The term lumens is simply another way of talking about the level of brightness. The greater the lumens, the greater the brightness. It’s also helpful to be aware that the level of brightness achieved per watt helps to identify a bulb’s efficiency. So the more lumens per watt, the more efficient a bulb is. But with LED lights it’s not just about lumens or brightness. Standard filament or incandescent bulbs generate light in a complete 360 degree radius, spilling light into every corner. You don’t always want this, especially in places such as kitchens, bathrooms, desks or reading corners. LED bulbs generate a high level of brightness, or lumens, for very little power, or wattage. But they are also focussed lights, meaning that they focus a cone of light at a specific area. Some LED light bulbs have a wide focus, directing light at a broad area, whereas others may create a fairly tight beam which directs light at a smaller, more defined area.

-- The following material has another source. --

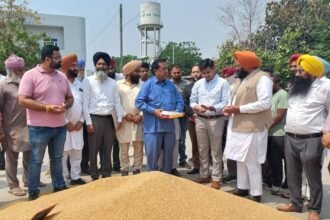 हलका विधायक व डिप्टी कमिश्नर ने करतारपुर की नई अनाज मंडी में गेहूं की खरीद शुरू कराई, किसानों से की बातचीत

This level of focus, or lighting angle, is important. When you are choosing an LED light it will be important to know how it will be used and where it will be installed. If you are fitting bulbs in a display cabinet, you may require a very tightly focused beam of light directed at a single item on display. For a reading corner, bedside lamp or desk you may need a slightly wider cone of light, and for kitchens or bathrooms, wider still. The advantage is that almost 100% of the light being generated by the LED bulb is directed exactly where you need it, rather than being wasted, diluted and scattered everywhere. Often this means that whereas a 100 watt filament bulb or a 50 watt halogen bulb was needed, a much lower wattage LED bulb is required because all of the light is right where it’s needed. In many kitchens householders have previously installed two or three high wattage bulbs, overlapping them to create a bright work surface area. By using appropriately fitted LED light bulbs it is often possible to reduce 200-300 watts of light down to less than 10 watts. This represents a significant saving on fuel bills, as well as being much kinder to the environment.

Another factor to be aware of are the fittings for bulbs. If you currently have fittings for either halogen or LED light bulbs it will be necessary to identify whether they are for 100-240 volt connections, or 12 volt connections. There are generally two main types of connections - a fairly chunky one, called a GU10, and a thinner, smaller connection known as either an MR16 or a GU5.3. Make sure you know which connection you need. Once you know the connection, have a clear idea where your LED light bulbs will be installed, and what level and focus of light you need, then it’s time to look around at the wide variety of LED lights and fittings available.